START Dataset entries

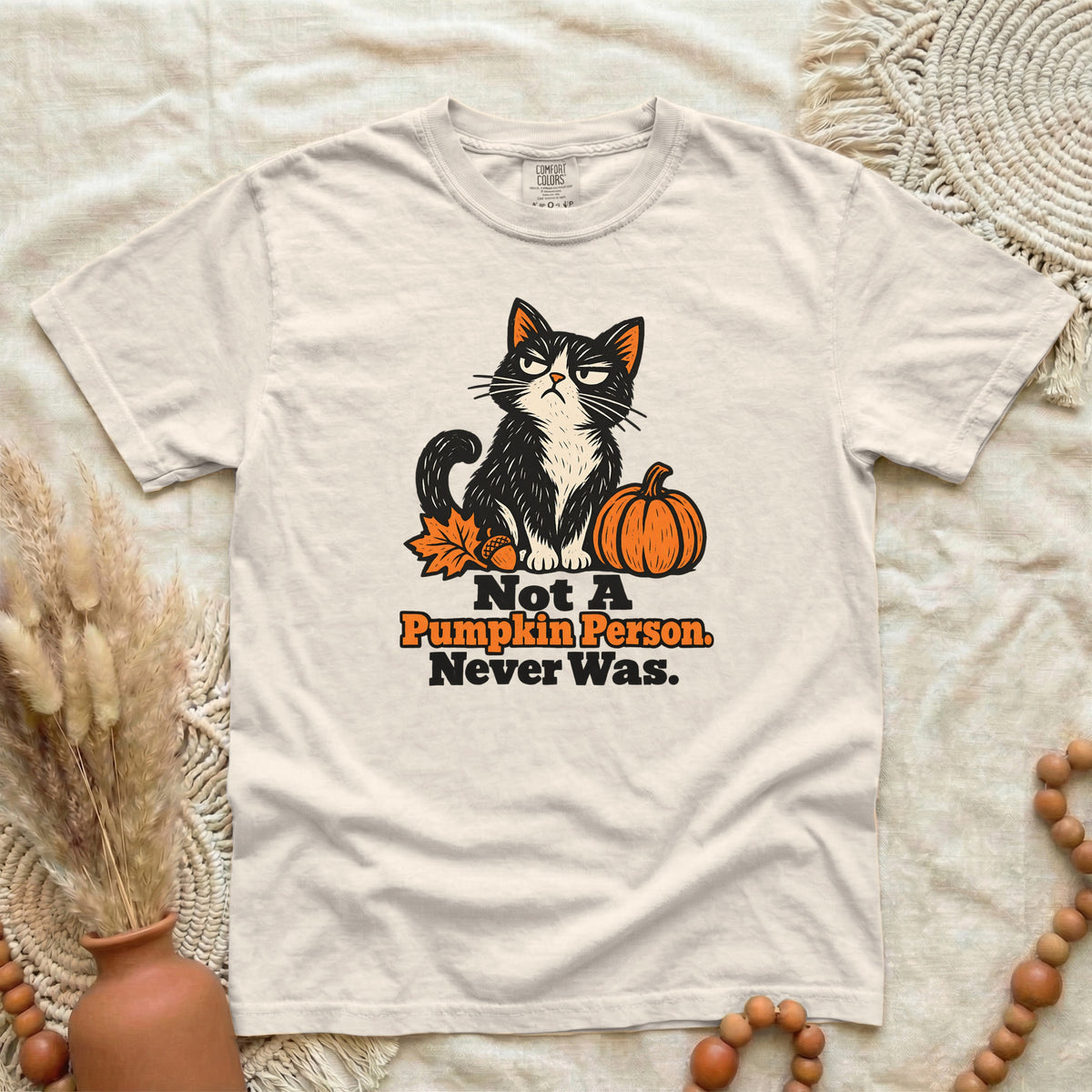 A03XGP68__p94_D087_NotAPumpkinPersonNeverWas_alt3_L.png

END Dataset entries
START Dataset entries

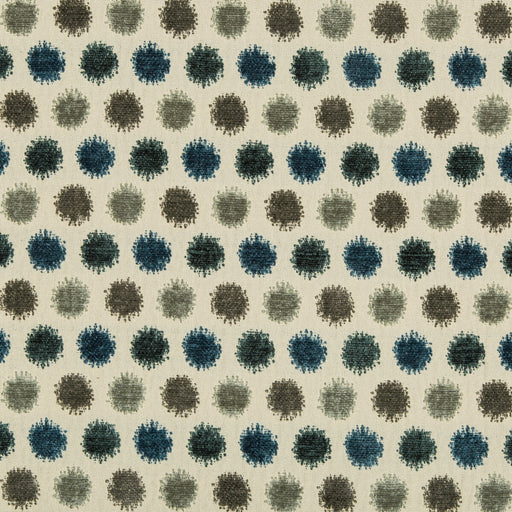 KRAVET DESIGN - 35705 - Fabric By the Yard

END Dataset entries
START Dataset entries

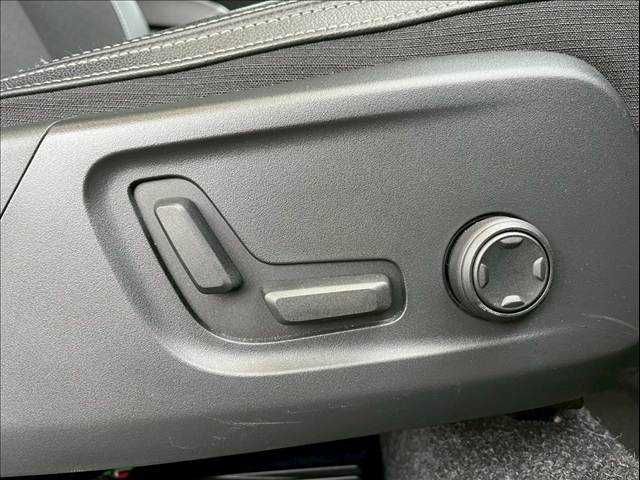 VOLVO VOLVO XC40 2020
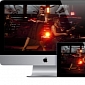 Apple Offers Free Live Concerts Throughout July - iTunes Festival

END Dataset entries

== Directions ==
Look through the material above. Transcribe exactly the lines between the ones with "VOLVO VOLVO XC40 2020" and "Apple Offers Free", inclusive, and keep pictures out.

== Task result ==
 VOLVO VOLVO XC40 2020
 Apple Offers Free Live Concerts Throughout July - iTunes Festival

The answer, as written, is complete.